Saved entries
"""
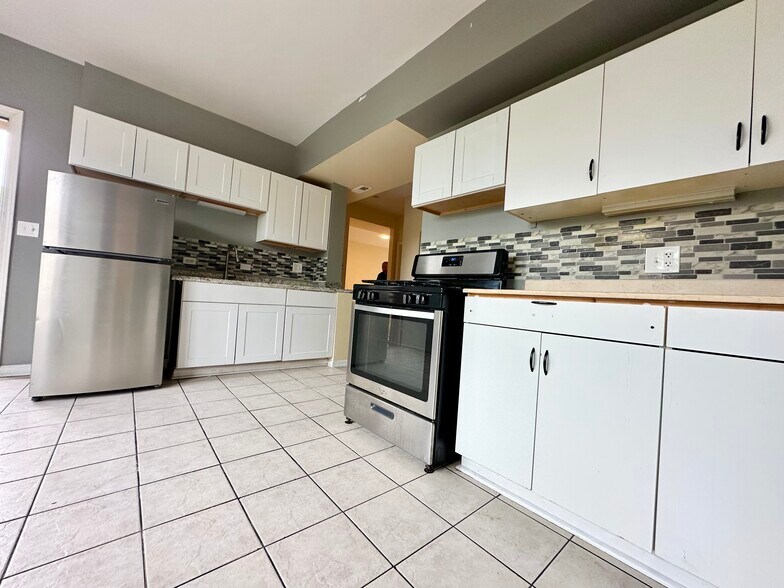 More Photos Of 7550-7558 S Essex Ave, Chicago Apartments For Sale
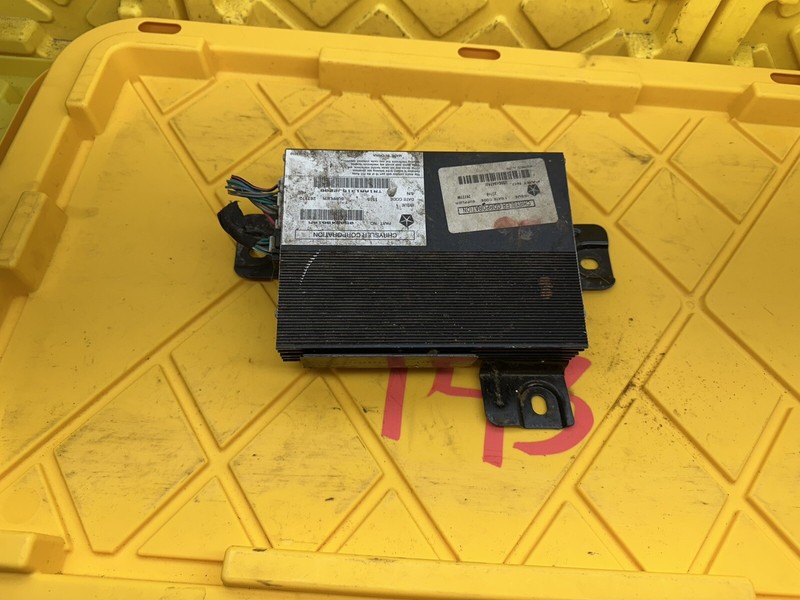 2016-2020 DODGE JOURNEY AUDIO AMPLIFIER & BRACKET MOPAR GENUINE OEM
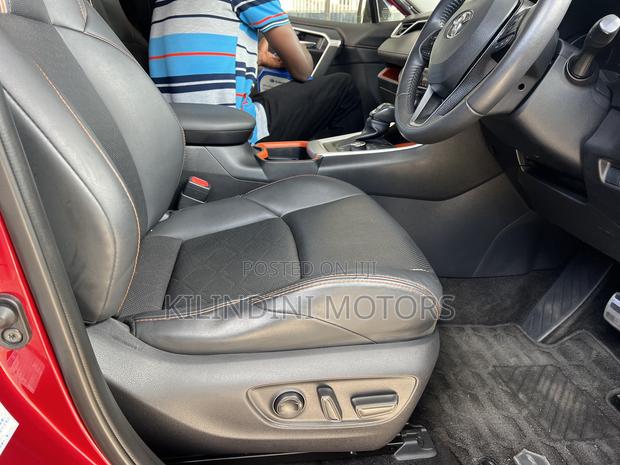 Toyota RAV4 2020 Red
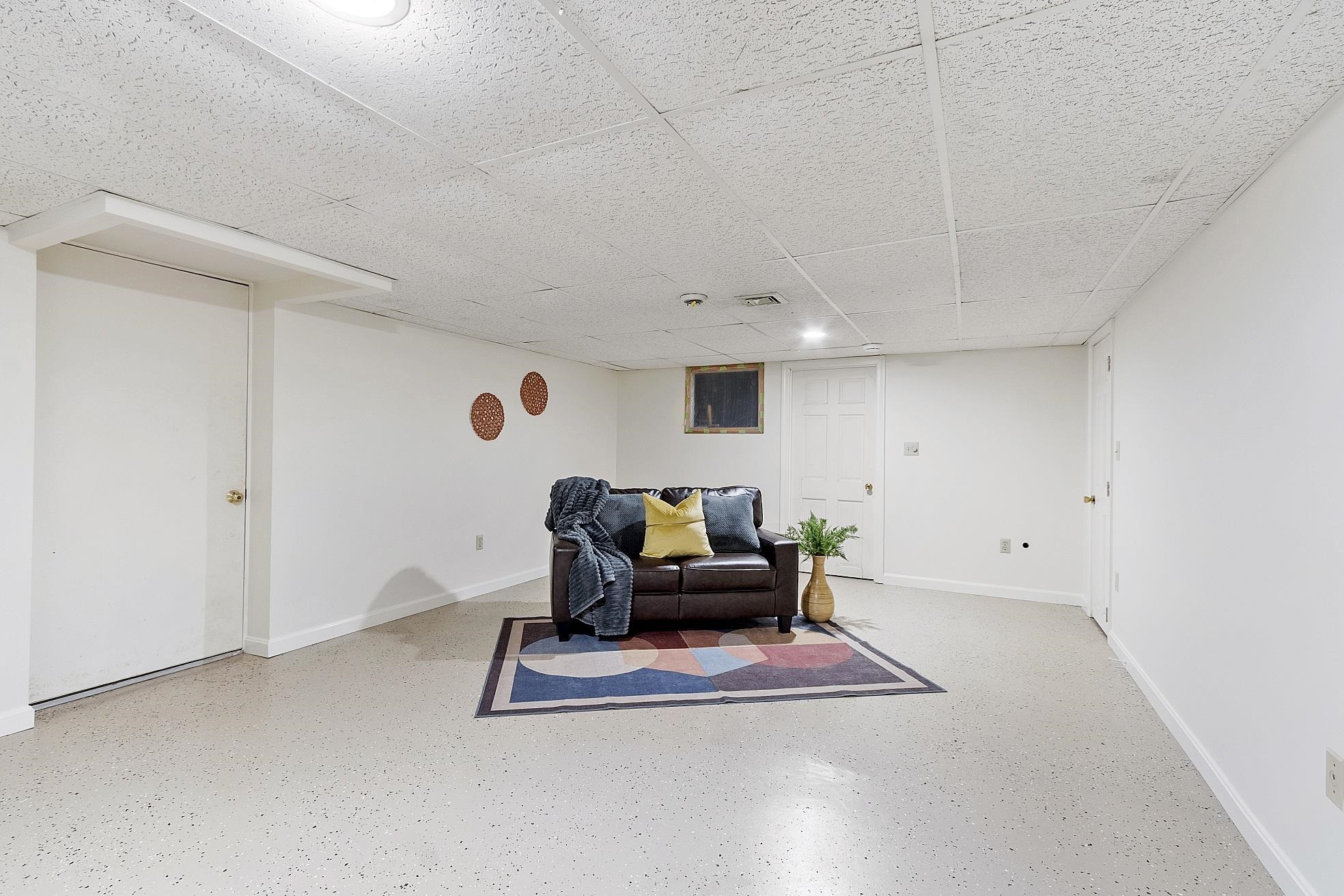 153 Coffin Road Unit: 32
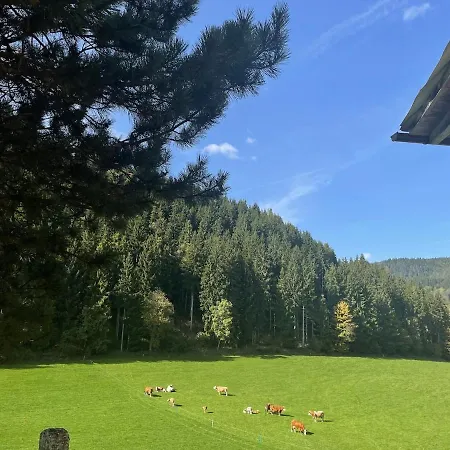 아파트 Mit Balkon & Bergblick Inklusive Parkplatz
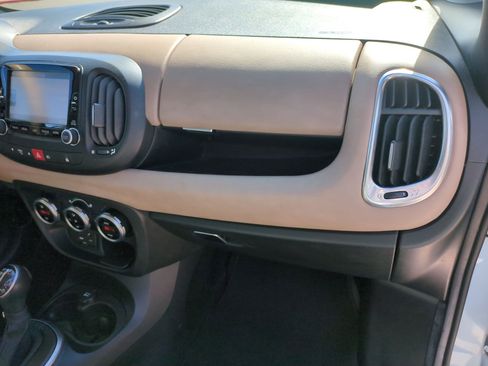 Used 2014 FIAT 500L Lounge image 27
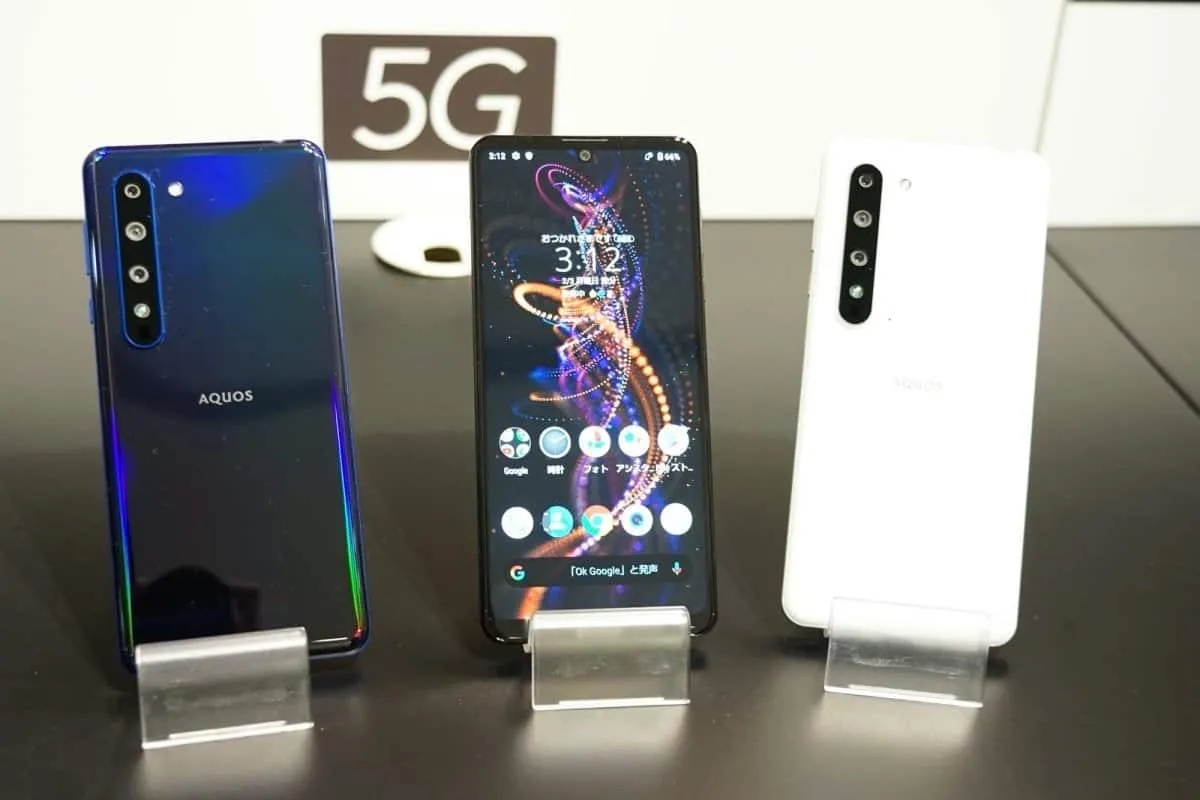 Sharp R5G Released In Japan With IGZO Screen And More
"""
■ What the task requires: From the line that contains "Toyota RAV4 2020 Red" to the last line of the data, print each line exactly, both ends included, and omit the pictures.

■ Task output:
 Toyota RAV4 2020 Red
 153 Coffin Road Unit: 32
 아파트 Mit Balkon & Bergblick Inklusive Parkplatz
 Used 2014 FIAT 500L Lounge image 27
 Sharp R5G Released In Japan With IGZO Screen And More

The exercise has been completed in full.